As caraterísticas únicas da garoupa deixaram a espécie na lista vermelha de espécies ameaçadas da IUCN, na categoria vulnerável. Isso significa que a sua pesca ainda é permitida, mas com uma série de restrições com relação ao tamanho. Tudo bem definido pela portaria 445 do MMA. A garoupa só pode ser pescada a partir de 47 centímetros.
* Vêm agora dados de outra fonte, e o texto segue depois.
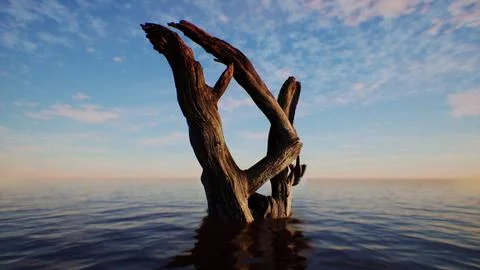 Dead Tree Stands in Water 스톡 일러스트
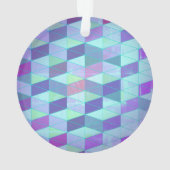 Cubes in dreieckiges geometrisches Muster Ornament (Rückseite)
E não pode ser maior que 73 centímetros.
Apesar das regras, acolhidas pelos pescadores de Ilhabela, por exemplo, ainda existe muita pressão e procura pela garoupa-verdadeira. “Ainda vejo muitas postagens em redes sociais de caça sub com garoupas fora do tamanho permitido”, conta Claudia Kerber.
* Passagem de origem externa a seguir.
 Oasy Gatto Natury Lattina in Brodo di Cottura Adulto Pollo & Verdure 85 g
Laboratório único no mundo
A vontade do casal para recuperar a espécie tão importante para o litoral começou há 12 anos. Claudia e o marido Pedro Antônio dos Santos tinham a Peixaria Comunitária, onde vendiam apenas espécies trazidas pelos pescadores locais. Não demorou para notarem o declínio da oferta de garoupa e outras espécies. Como veterinária, Claudia decidiu mudar essa perspectiva.
O casal criou em Ilhabela o único laboratório no mundo, coordenado pela Redemar Alevinos, para criação de garoupas e o primeiro e único do Brasil na produção de peixes marinhos com finalidade comercial. A produção de alevinos em laboratório é uma das soluções para conseguir o repovoamento de espécies fundamentais para a recomposição de estoques pesqueiros.
As jovens garoupas soltas têm 120 dias e 15 gramas. O tamanho é uma questão crucial – se uma garoupa é solta muito pequena, vira alvo fácil de predador. E se ela é muito grande, tem que se acostumar a ativar os instintos, o que leva um tempo. Por se tratar de uma ação pioneira, o resultado será colhido com o tempo.
Ao final do dia, Claudia Kerber comemorou a última soltura do ano e início da nova etapa: “Com as informações, teremos dados para propor novas políticas públicas para outros lugares onde a garoupa já desapareceu.”
Agora é esperar os dados de monitoramento. E que mergulhadores e pescadores do litoral de São Paulo tenham logo boas histórias para contar sobre garoupas.